Don’t ask me anything about whatever anime that is from. I just liked the thumbnail.
So I tried, and failed, to see the infectious disease specialist today. I really tried to get out of bed at the right time, but then I totally failed my saving throw versus sleep, in a manner of speaking.
Basically, after getting up out of bed and getting, then drinking, a glass of water, I still felt like a particularly disoriented mummy. So I figured, nerp, not today.
I will make a better attempt tomorrow.
Turns out his name is Doctor Kwok (must…. restrain…. urge to mock name… ) and I think I might have an actual appointment with him tomorrow at 8:30 am.
Or that’s just when he shows up. I’m not sure.
Because I didn’t go see the person with the authority to stop my IV antibiotic treatment, I had to go to my IV anti-biotic treatment. No big deal, Joe dropped me off.
And my treatment was uneventual. My nurse seemed a little green, but she did a fine job. I got more bandages for my leg demon.
Look, I’m getting really sick of calling it my “wound’ or my “infection” and “leg demon” sounds so much cooler.
One of the people with me was having a very bad day, though, and I felt bad for her. Apparently she had extreme arthritis pain in her shoulder,. worse than she’d ever had before, so she called the ambulance around noon and arrived at the hospital not that long after, say like 12:25 pm
And I can personally attest to the fact that she wasn’t seen by a doctor until 3:35 pm, leaving her in brutal fucking agony for over three hours.
And they only remembered her after she started voiciferously complaining.
And when I say “remembered her”, I mean she wasn’t even on the fucking board[1] yet. Son of a bitch.
She said she was an RN, and that Richmond hospital was the worst one in the GVRD.
And I am thinking, a) Really? Have you been to Royal Columbian, the people who totally fucked up my gall bladder removal? But more importantly,
b) I forgive you because you are in terrible pain, but if you really are an RN, you know that technically, that’s not something you should say around us patients who are also currently depending on said hospital to save our fucking lives.
So I felt bad for her.
An ER can be a pretty rough place for an empath like myself. And yet, on another level, I kind of enjoy it.
Gets me out of my own head for a while, for one.
Saw one person admitted with no fewer than 16 members of their extended family along for moral support.
Boggles my mind. My family was so insular. Good for them, though.
Lois was there again. She told her nurse about how it took three people to get her current IV dongle in, so he’d better be careful with it.
I like her. And she seems healthier.
It’s things like my repeated visits to the hospital that get me thinking about my own quiet and passive nature because it reminds me of who I was before the Internet came along and gave me a way to expore and express myself, and who I still am more often than not when I am out there all along.
And that is a very quiet, passive person. Very unlike my usual persona, even in RL. I am quite shy RL, although less so than before and far less painfully so.

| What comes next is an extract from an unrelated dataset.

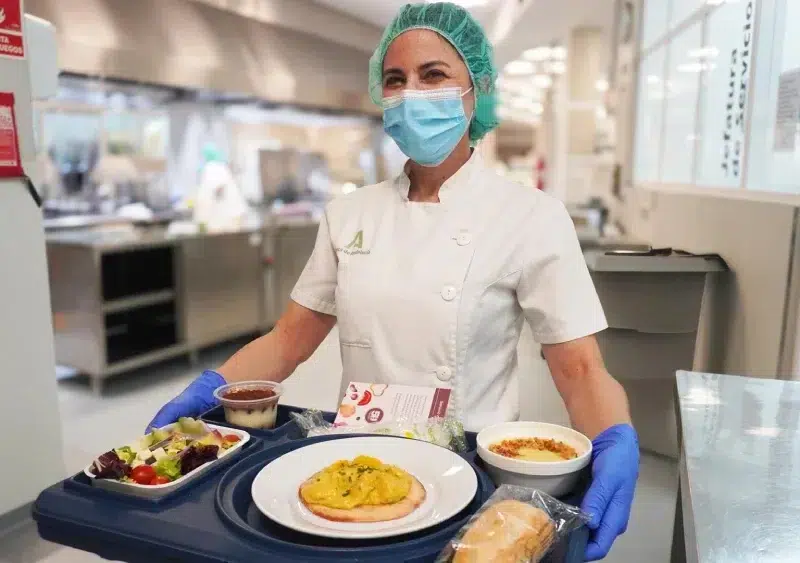 Profesional del Servicio de Alimentación del Hospital Virgen Macarena / JUNTA DE ANDALUCÍA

And I can totally see how someone like myself might become a stalker, with this whole imaginary relationship with a celebrity. When your emotional life is cut off from the world by your shyness and you are starved for social input, a sufficiently charismatic celebrity might well fill that massive void in your life.
I have never been much for celebrity worship myself. If I went crazy that way, it would be a lot more like One Hour Photo.
In the movie, Robin Williams plays a guy who runs a photo developing shop (remember those?) who develops this fixation on one of the families that comes in often. He is drawn to the emotional warmth and happiness represented in their pictures and starts to feel like he is part of the family.
I have never connected with a Robin Williams character more. I am drawn to the same things and desperately want to be part of a wholesome, strong, supportive family that takes care of one another and has a great time together.
As I kid, I would look into people’s windows at night[2] and wonder what it would be like to be part of the warm, close-knit, everyday world of these people who seemed at the time like they lived in a kind of Heaven.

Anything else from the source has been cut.